Holding the course syllabus, I stared at the list of unfamiliar writers: James Baldwin, Amiri Baraka, Ralph Ellison, Zora Neale Hurston, Jean Toomer, Langston Hughes, Lorraine Hansberry.

Entering my sophomore year at the University of Wisconsin with a music major, I had just signed up for an African American literature class to fill an elective.

I wondered if I could cut it. Like many students in the 1980s, white or Black, I had encountered no Black writers in high school English. Like other working-class kids I knew, I had read no literature.

Although my father read newspapers religiously, he told me he had never read a book, having dropped out of high school in the 10th grade. I graduated with a C average, maintaining grades just good enough to stay on the football and track teams.

During my freshman year in college, I had to take remedial English.

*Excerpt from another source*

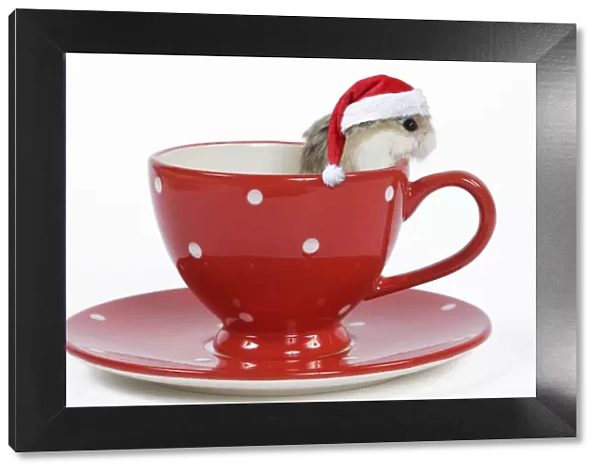 13132239. Roborovski Hamster - in tea cup wearing a red Christmas hat Date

My grades improved, but I still had read nothing of note.

That changed the following summer, when working in a manufactured homes factory. I picked up a paperback entitled, “Crime and Punishment,” by 19th century novelist Fyodor Dostoevsky.

I bought the book because I liked the title. Once I started reading the psychodrama, however, I could barely put it down. I never knew novels could be so real.

Back on campus that fall, I was ready to take the next step in my literary journey. With Richard Wright’s “Native Son,” in my book bag, I walked into my first class of African American Literature 235.

About two-thirds of my classmates were Black; the rest were white. Intense debates ensued, often political. I lacked the intellectual confidence to participate. These kids seemed way too smart for me.

Instead, I slouched in the back, looking quite cool, or so I thought, in my “Super Fly” leather coat.

Despite my classroom reticence, I devoured the books; for every book on the syllabus, I read two or three more by the same author. Whether the raw edge of Ai Ogawa’s poetry or the thundering Shakespearian eloquence of James Baldwin, the work of Black American writers conveyed unique insights with an intensity that moved me.

They understood white people and white society better than white people did themselves. They sought to transform society, not assimilate. “Do I really want to be integrated into a burning house,” Baldwin asked in a 1963 essay.

I heard the blues in Langston Hughes’ poetry; plaintive spirituals in Jean Toomer’s surrealist novel, “Cane”; the furious syncopations of free jazz in Amiri Baraka’s prose; and the celebration of rural Southern vernacular in Zora Neale Hurston’s “Their Eyes Were Watching God.”

By the end of the semester, I was reading everything I could: Peruvian poet Cesar Vallejo, French existentialist Jean Paul Sartre, avant garde Irish writer James Joyce and Nigerian novelist Chinua Achebe, among many others, became my guides and mentors.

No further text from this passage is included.